Ini adalah bagian tersulit, tentu saja. Tetapi bukankah kita tidak sedang membicarakan sebuah aturan sosial yang adil? Kita sedang mendiskusikan mengenai sebuah revolusi total atas hubungan manusia sehari-hari-sebuah solusi yang perlu dilakukan untuk menangani masalah-masalah yang dihadapi oleh spesies kita dewasa ini. Mari hadapi kenyataan-bahwa sebelum kita semua mampu menerapkan hal tersebut, maka tak perlu heran saat kekerasan yang terjadi dalam interaksi kita sehari-hari akan terus berlanjut, dan tak ada sistem ataupun hukum yang dapat menghentikannya dan melindungi kita. Alasan terbaik untuk mentransformasikan demokrasi representatif adalah dengan cara membangun demokrasi konsensus dimana tak akan ada lagi solusi palsu, memang tak ada cara yang mudah untuk menekan angka konflik tanpa justru mencari akar konflik itu sendiri, dan dimana mereka semua yang terlibat harus mulai belajar untuk menjadi eksis tanpa harus merendahkan yang lain, serta mengeliminir kebiasaan-kebiasaan menyebalkan kita sendiri yang justru kita telah lelah hadapi di dunia ini.

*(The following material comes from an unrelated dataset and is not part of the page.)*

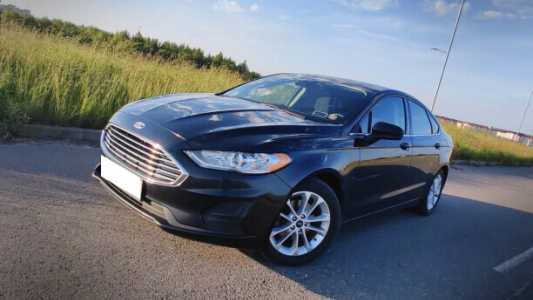 Ford Fusion USA II 2-й рестайлинг, 2019, пробег 100350 км Ford Fusion USA II 2-й рестайлинг, 2019, пробег 100350 км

Perkembangan pertama yang dapat diraih dalam dunia baru ini dapat ditemukan dalam hubungan pertemanan dan cinta kita, saat kita semua terbebaskan dari hubungan yang dipaksakan, hubungan akan menjadi lebih nyaman. Ambil contoh ini, dan terapkan dalam seluruh masyarakat-ini arti yang dimaksud dengan kalimat "melampaui demokrasi".

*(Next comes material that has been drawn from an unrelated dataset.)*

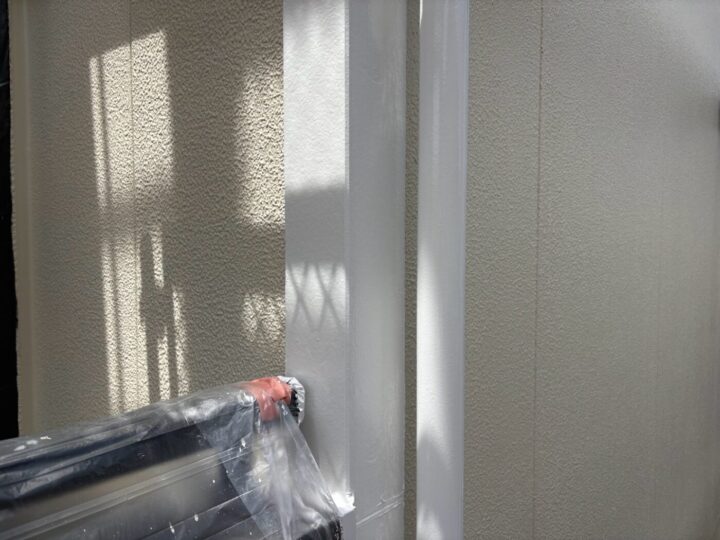 竪樋/施工完了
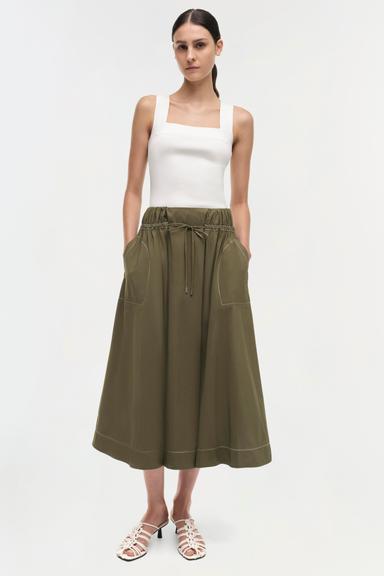Simkhai Tona Skirt | Thumbnail 1 Simkhai Tona Skirt | Thumbnail 1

Adalah sebuah prospek yang menantang untuk mencapai hal tersebut dari tempat kita berada saat ini… tetapi apa yang menjadi menarik dan indah dari konsensus dan otonomi adalah bahwa kita tidak perlu menunggu terpilihnya sebuah pemerintahan yang adil dan mengerti keinginan kita semua untuk mengaplikasikan konsep di atas-kita dapat mempraktekkannya saat ini juga, dengan orang-orang di sekitar kita dan secara langsung menerima keuntungan dari hal tersebut. Sekali saja hal tersebut dipraktekkan, maka akan terbuka jelas pola hidup tersebut bagi orang lainnya; tak perlu ada khotbah mengenai hal tersebut saat kita mengalami hal tersebut secara langsung. Bentuk grup otonomusmu sendiri, untuk menjawab bahwa tak diperlukan penguasa untuk menentukan jalan hidupmu, dan untuk membentuk lingkungan di sekitarmu yang berarti juga hidupmu sendiri. Tak ada seorang representatifpun yang dapat melakukannya untukmu, seperti juga bahwa sejak dulu tak pernah ada seorang representatifpun yang mampu melakukan sesuatu untuk hidup kita. Dari hal-hal kecil seperti yang kita lakukanlah maka demokrasi yang sesungguhnya akan terbentuk.

Maka, lain waktu seseorang berkata kepada kami: "Berterima kasihlah bahwa kamu telah hidup dalam alam yang lebih demokratis dibanding masa lalu." Kita akan siap menjawabnya: "Tidak cukup sampai disitu." …serta mengetahui dengan jelas apa yang kita inginkan dan kita harus lakukan, dari pengalaman kita sendiri.